De kerk van Sant'Egidio in Rome is de eerste plaats van gebed van de Gemeenschap van Sant’Egidio.
De kerk werd gebouwd in de buurt van een oudere kerk die er eerder had gestaan, genaamd 'San Lorenzo in Janiculo' of 'de curtibus'. Aan het begin van de zeventiende eeuw was het kerkje bouwvallig. Het kapittel van de naastgelegen basiliek van Santa Maria in Trastevere (dat de rechten bezat) schonk het in 1610 aan een devote slager, Agostino Lancellotti, die het wilde restaureren. Geholpen door genereuze schenkingen door de prinses van Venafro restaureerde hij de kerk. Hij veranderde de naam en wijdde hem toe aan de heilige Egidius abt. Uiteindelijk schonk hij de kerk samen met het naastgelegen huis aan de Ongeschoeide Karmelietessen. Ondertussen hadden de kloosterlingen ook een andere nabijgelegen kerk verkregen, die was toegewijd aan de HH. Crispino en Crispiniano.

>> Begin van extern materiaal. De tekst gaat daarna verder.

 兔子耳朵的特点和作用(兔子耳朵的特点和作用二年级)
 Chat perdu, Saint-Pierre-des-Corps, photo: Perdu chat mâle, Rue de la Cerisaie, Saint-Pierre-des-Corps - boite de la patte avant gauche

Om geen twee kerken te hebben in hetzelfde klooster besloten de Karmelietessen ze te slopen en een nieuwe kerk te bouwen. Dat gebeurde in 1630. De kerk werd toegewijd aan Onze Lieve Vrouw van de berg Karmel, zoals te lezen valt op de inscriptie op de façade: "B.V. Mariae de Monte Carmelo dicatum a. salutis MDCXXX".
Het interieur van de kerk bestaat uit een enkel schip. Bijzonder zijn het grafmonument van Veronica Rondinini Origo door Carlo Fontana, en het doek met de afbeelding van Sint Egidius abt met de hinde van Cristoforo Roncalli, die bekend staat als de Pomarancio.
Het eerste dat opvalt wanneer je de kleine kerk binnengaat, is de grote icoon van het Gelaat van Christus, geplaatst op het altaar achterin de kerk. Het gaat om een zeer oude icoon, afkomstig uit Rusland. De icoon stelt een 'mandylion' voor, dat wil zeggen het doek waarop het ware beeld van het gelaat van Christus te zien is.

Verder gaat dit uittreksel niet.